Metallic materials, e.g. used for pipelines, have to show a high corrosion fatigue durability against gaseous hydrogen in context of embrittlement. This work shows the influence of gaseous hydrogen on the fatigue behaviour of the pipeline steel X56 (API 5L, 1.8724) in the low cycle fatigue regime (LCF). Therefore, strain-controlled fatigue tests are conducted with internal and external hydrogen pressurisation and as a reference in ambient air using both traditional specimen in an autoclave as well as hollow specimen.

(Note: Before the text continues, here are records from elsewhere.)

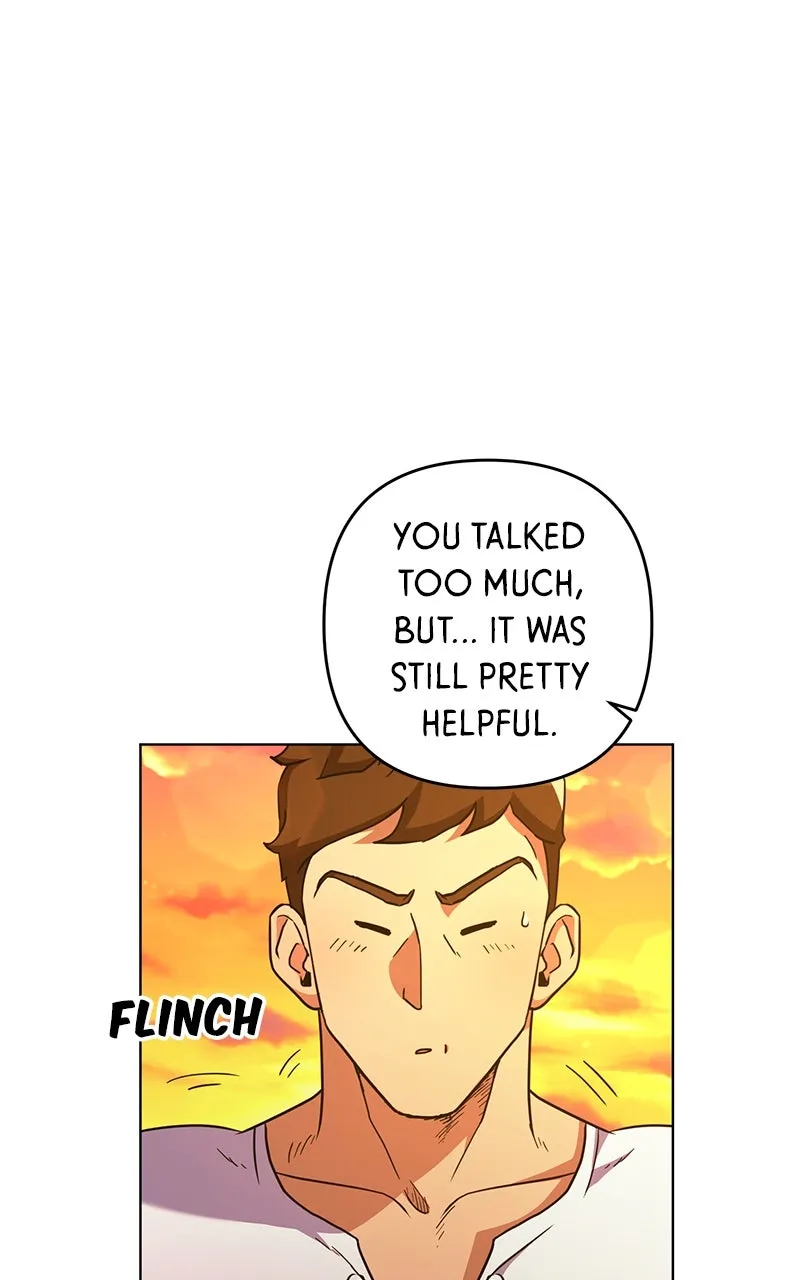 Read Surviving a Fantasy Adventure Comic chapter 5 image 47 on Lezhin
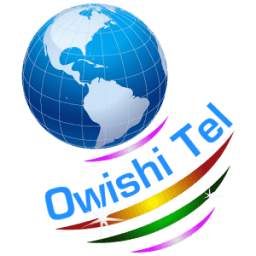 Owishi Tel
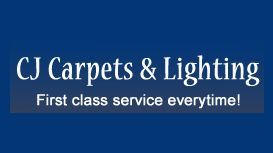 CJ Carpets & Lighting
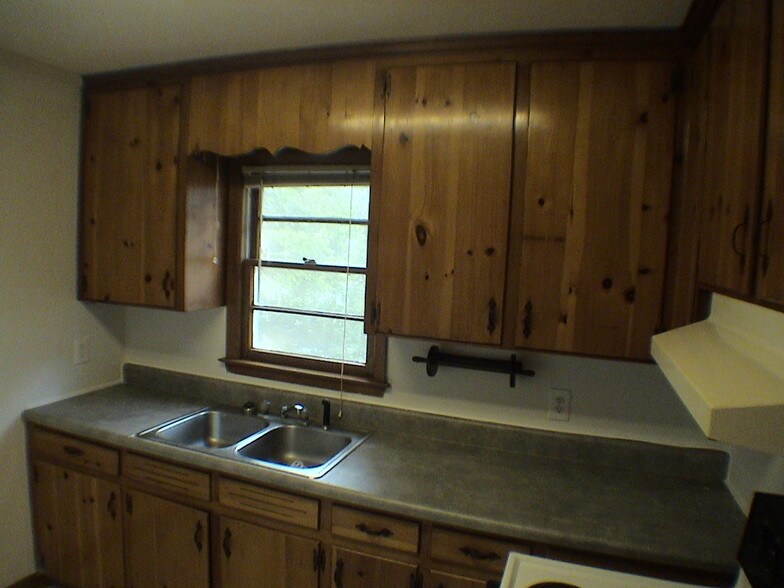 Building Photo - 3208 Ruffin St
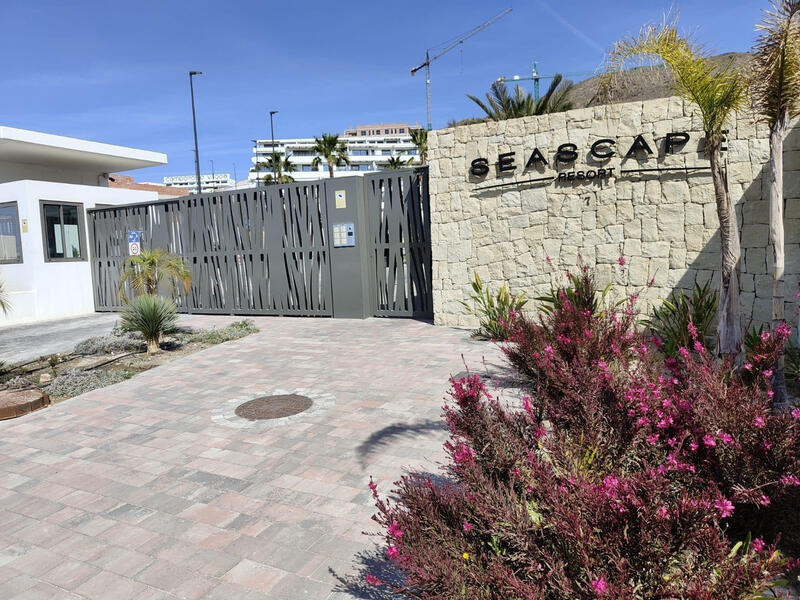 2 soveværelse Lejlighed til salg i Finestrat, Alicante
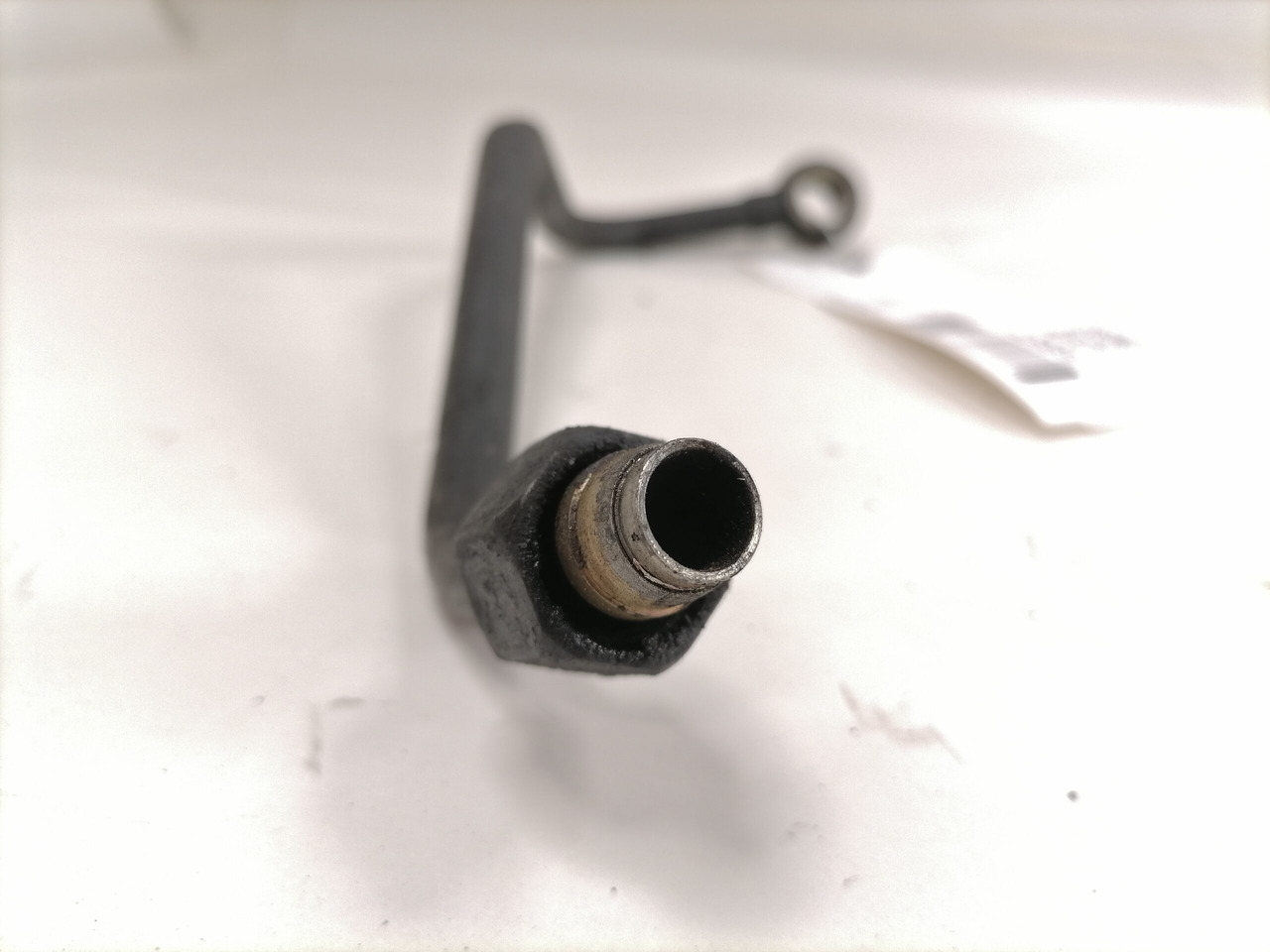 Scania Fuel pipe 1812955 - Подготовка топлива для Грузовиков: фото 2 Scania Fuel pipe 1812955 - Подготовка топлива для Грузовиков: фото 2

The evaluation of the test results focuses on the determination of the stress-strain behaviour and the cyclic softening and hardening behaviour. Based on this evaluation the investigated steel shows a significant reduction in lifetime at high strain amplitudes under gaseous hydrogen compared to the reference investigations in air. Compared to the full specimens, the hollow specimens achieved higher lifetimes at comparable local stresses as well as in air and under hydrogen environment. The evaluation of the stress-strain behaviour in form of the cyclic stress-strain curves and the cyclic deformation curves showed for both specimen geometries no significant difference in stress amplitude, but the lifetime reducing effect of the hydrogen is pronounced. The fatigue life reducing influence of the hydrogen can only be observed for lifetimes up to 1∙10⁶ cycles. From this point the strain life curves of air and hydrogen merge into one another. In order to evaluate the different lifetimes determined for both specimen geometries, considerations are made regarding the influence of size effect.